With pictures left out, output exactly the lines of the listing below from the line that has "Gracefully Styled Blouse for Any Occasion" to the line that has "2021 Volkswagen Passat 2.0T SE", both lines kept.
BEGIN Provided data
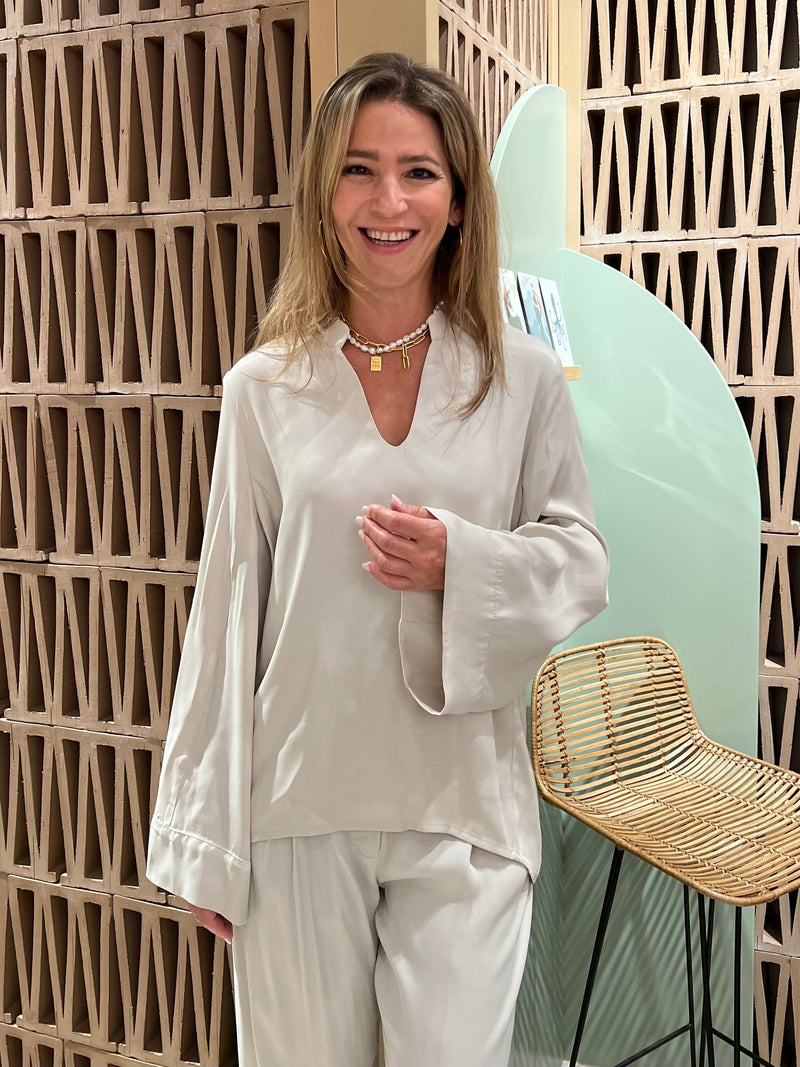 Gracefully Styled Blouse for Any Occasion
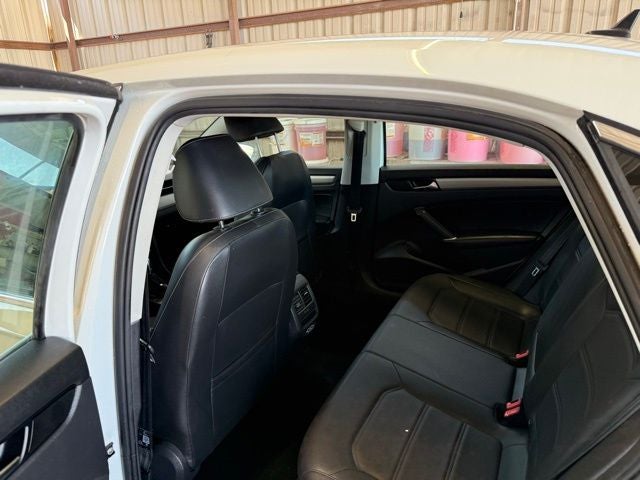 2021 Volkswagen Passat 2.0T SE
END Provided data
BEGIN Provided data
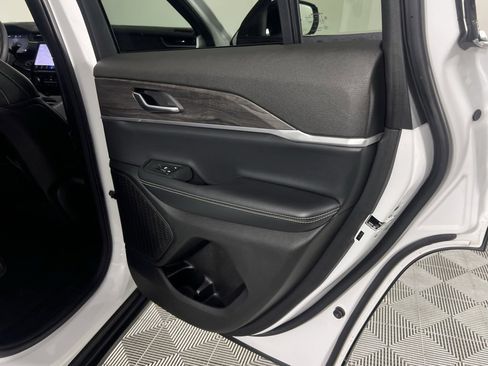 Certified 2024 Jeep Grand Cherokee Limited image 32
END Provided data
Result below:
 Gracefully Styled Blouse for Any Occasion
 2021 Volkswagen Passat 2.0T SE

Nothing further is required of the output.